不过,我不确定这是否会在内部创建一些临时列表。
#2
2
If you want to use loadtxt
, you can either first load the raw byte array and then decode:
如果你想使用loadtxt,你可以先加载原始字节数组,然后解码:
data = np.loadtxt('foo.txt', dtype='S8')
unicode_data = data.view(np.chararray).decode('utf-8')
or specify a converter for decoding:
或指定用于解码的转换器:
data = np.loadtxt('foo.txt', converters={0: lambda x: unicode(x, 'utf-8')}, dtype='U2')
However, using fromiter
as in Sven's answer is probably going to be more effective than loadtxt
.
然而,使用fromiter作为Sven的答案可能会比loadtxt更有效。
#1
8
In memory, unicode strings are represented as UCS-2 or UCS-4, depending on how your Python interpreter was compiled. Your file is encoded in UTF-8, so you need to recode it before you can map it to the NumPy array. loadtxt()
can't do the recoding for you -- after all NumPy is mainly targeted at numerical arrays.
在内存中,unicode字符串被表示为UCS-2或UCS-4,这取决于您的Python解释器是如何编译的。您的文件是用UTF-8编码的,所以您需要在将其映射到NumPy数组之前重新编码。loadtxt()无法对您进行重新编码——毕竟NumPy主要针对数字数组。
Assuming every line has the same number of characters, you could also use the more efficient variant
假设每一行都有相同数量的字符,您也可以使用更有效的变体。
s = codecs.open("new.txt", encoding="utf-8").read()
arr = numpy.frombuffer(s, dtype="<U3")
This will include the newline characters in the strings. To not include them, use
这将包括字符串中的换行字符。不包括它们,使用。
arr = numpy.frombuffer(s.replace("\n", ""), dtype="<U2")
Edit: If the lines of your file have different lengths and you would like to avoid the intermediate list, you can use
编辑:如果您的文件的行长度不同,并且您希望避免中间列表,您可以使用。
arr = numpy.fromiter(codecs.open("new.txt", encoding="utf-8"), dtype="<U2")
I'm not sure if this will internally create some temporary list, though.
不过,我不确定这是否会在内部创建一些临时列表。
#2
2
If you want to use loadtxt
, you can either first load the raw byte array and then decode:
如果你想使用loadtxt,你可以先加载原始字节数组,然后解码:
data = np.loadtxt('foo.txt', dtype='S8')
unicode_data = data.view(np.chararray).decode('utf-8')

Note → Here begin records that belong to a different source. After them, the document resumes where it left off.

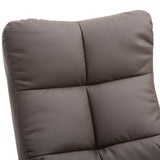Recliner Armchair, Swivel Reclining Chair with Storage Ottoman, Faux Leather Brown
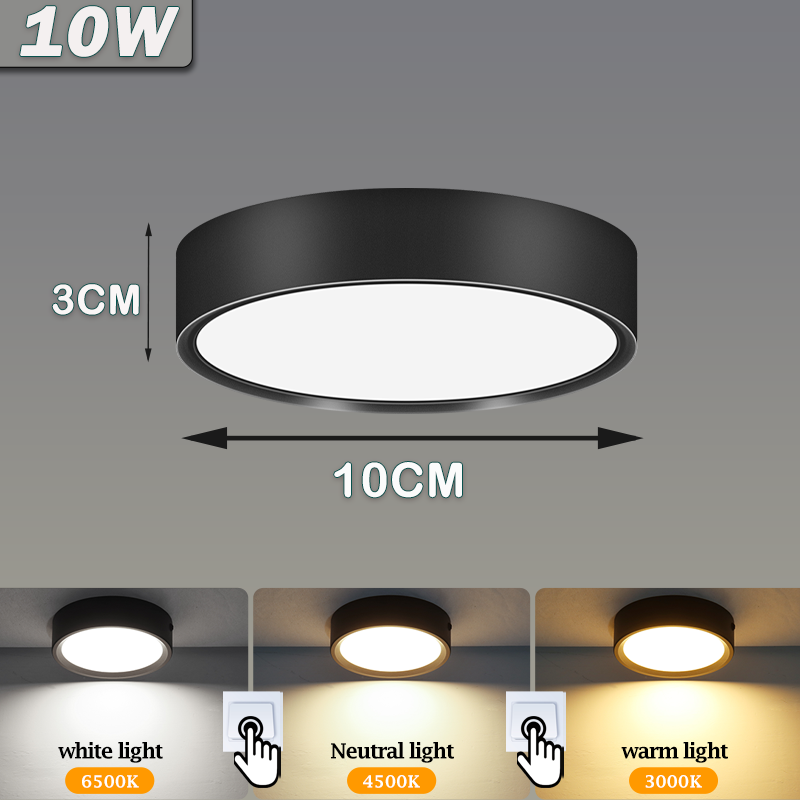 Led Ceiling Light 3 color Downlight Surface Mounted Tricolor Pin Lamp Aluminum Spot Lights For Living Room Bedroom Home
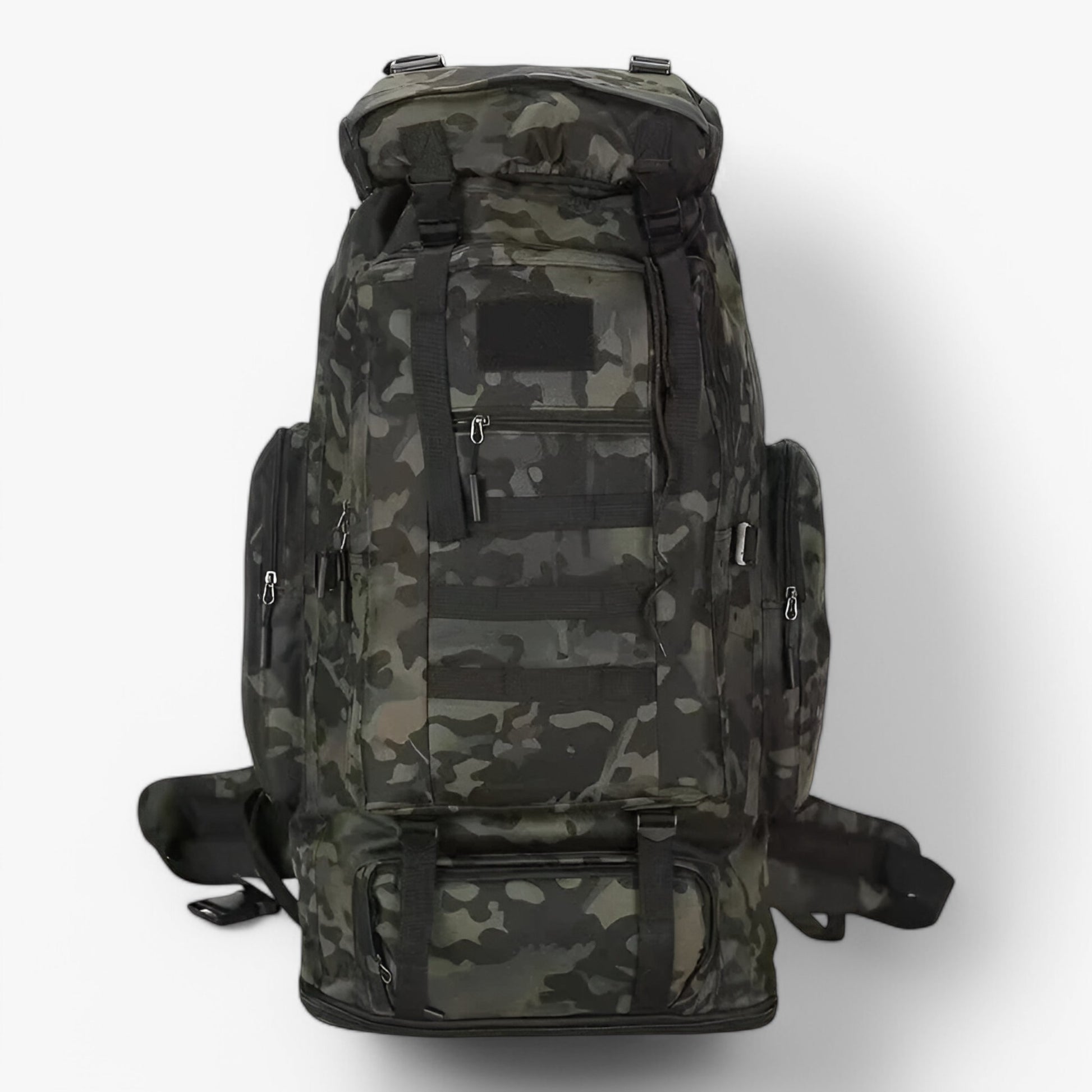 Wandelrugzakken : Grote Tactische Rugzak 80L/100L – Duurzaam Waterbestendig in Camo zwart(100L) van Outdoor Craft
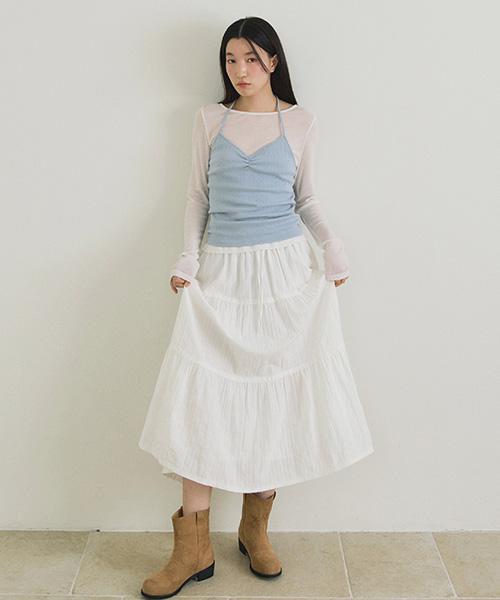 Lingseoul Cancan Shirring Long Skirt-Ivory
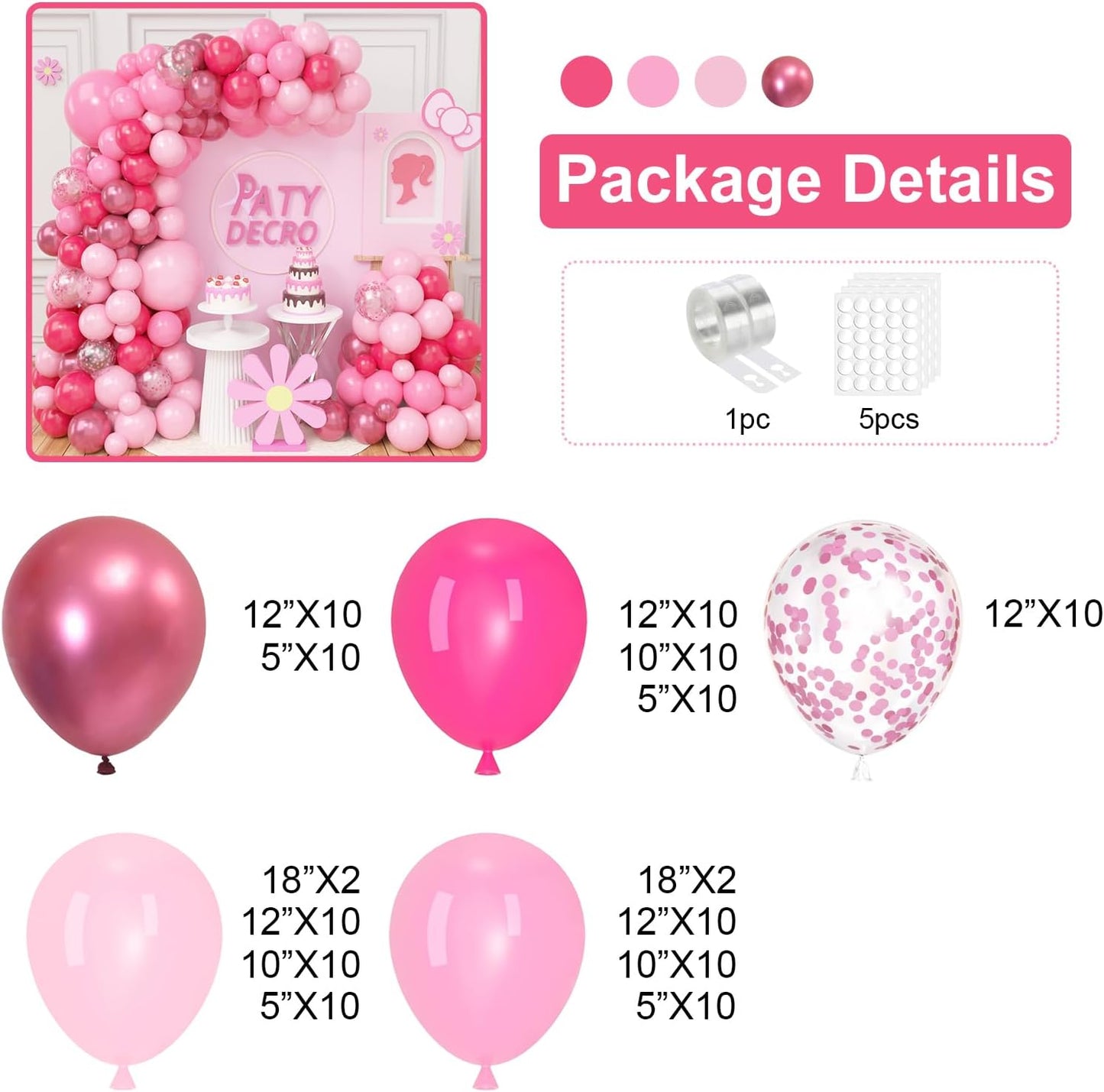 Hot Pink Balloons Garland Kit, 124pcs Light Pink Metallic Latex Balloons Arch for Birthday, Baby Shower, Princess Theme Party Decoration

or specify a converter for decoding:
或指定用于解码的转换器:
data = np.loadtxt('foo.txt', converters={0: lambda x: unicode(x, 'utf-8')}, dtype='U2')
However, using fromiter
as in Sven's answer is probably going to be more effective than loadtxt
.
然而,使用fromiter作为Sven的答案可能会比loadtxt更有效。